| SUPPLIED DATA |
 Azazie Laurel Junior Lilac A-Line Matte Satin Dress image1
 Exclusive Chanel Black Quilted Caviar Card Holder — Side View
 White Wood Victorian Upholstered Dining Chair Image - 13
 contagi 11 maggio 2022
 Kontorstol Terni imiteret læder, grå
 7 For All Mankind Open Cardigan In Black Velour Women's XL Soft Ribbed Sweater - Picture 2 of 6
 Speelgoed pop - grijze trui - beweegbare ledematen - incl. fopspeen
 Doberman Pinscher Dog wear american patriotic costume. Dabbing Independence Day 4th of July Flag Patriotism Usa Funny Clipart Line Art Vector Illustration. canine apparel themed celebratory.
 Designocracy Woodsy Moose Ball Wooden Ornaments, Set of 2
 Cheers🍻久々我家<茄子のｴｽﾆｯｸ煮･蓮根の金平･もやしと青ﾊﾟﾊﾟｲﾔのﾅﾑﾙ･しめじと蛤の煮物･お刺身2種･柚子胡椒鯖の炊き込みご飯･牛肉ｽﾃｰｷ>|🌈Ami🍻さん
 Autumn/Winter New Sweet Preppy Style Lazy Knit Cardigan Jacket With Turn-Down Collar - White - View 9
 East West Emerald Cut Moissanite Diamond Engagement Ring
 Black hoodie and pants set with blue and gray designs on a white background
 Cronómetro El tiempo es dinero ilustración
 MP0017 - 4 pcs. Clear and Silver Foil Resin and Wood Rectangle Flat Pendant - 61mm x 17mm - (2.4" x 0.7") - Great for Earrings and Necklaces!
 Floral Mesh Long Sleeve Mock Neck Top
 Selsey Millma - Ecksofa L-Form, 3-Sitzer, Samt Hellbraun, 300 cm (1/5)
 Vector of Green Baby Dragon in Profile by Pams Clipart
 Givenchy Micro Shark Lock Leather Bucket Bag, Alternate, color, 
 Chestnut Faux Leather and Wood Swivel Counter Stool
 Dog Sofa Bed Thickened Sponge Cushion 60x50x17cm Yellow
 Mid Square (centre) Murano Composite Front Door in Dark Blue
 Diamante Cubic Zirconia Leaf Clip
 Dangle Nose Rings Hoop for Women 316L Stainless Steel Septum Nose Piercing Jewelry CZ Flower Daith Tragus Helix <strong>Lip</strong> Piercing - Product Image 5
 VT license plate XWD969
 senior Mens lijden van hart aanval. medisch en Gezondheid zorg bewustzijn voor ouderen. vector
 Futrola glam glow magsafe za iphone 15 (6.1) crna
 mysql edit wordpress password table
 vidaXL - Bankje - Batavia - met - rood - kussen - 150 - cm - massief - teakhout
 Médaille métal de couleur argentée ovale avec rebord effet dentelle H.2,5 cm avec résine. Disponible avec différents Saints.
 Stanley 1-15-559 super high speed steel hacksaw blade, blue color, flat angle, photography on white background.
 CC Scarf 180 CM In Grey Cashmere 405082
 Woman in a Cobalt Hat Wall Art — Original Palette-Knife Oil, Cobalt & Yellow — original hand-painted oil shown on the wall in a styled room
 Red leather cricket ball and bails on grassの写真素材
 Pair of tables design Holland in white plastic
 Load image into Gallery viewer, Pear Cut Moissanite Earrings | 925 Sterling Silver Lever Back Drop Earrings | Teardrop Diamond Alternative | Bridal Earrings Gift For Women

| WHAT THE TASK ASKS |
The answer must be all the lines above that hold the word "Cardigan".

| COMPLETED TASK |
 7 For All Mankind Open Cardigan In Black Velour Women's XL Soft Ribbed Sweater - Picture 2 of 6
 Autumn/Winter New Sweet Preppy Style Lazy Knit Cardigan Jacket With Turn-Down Collar - White - View 9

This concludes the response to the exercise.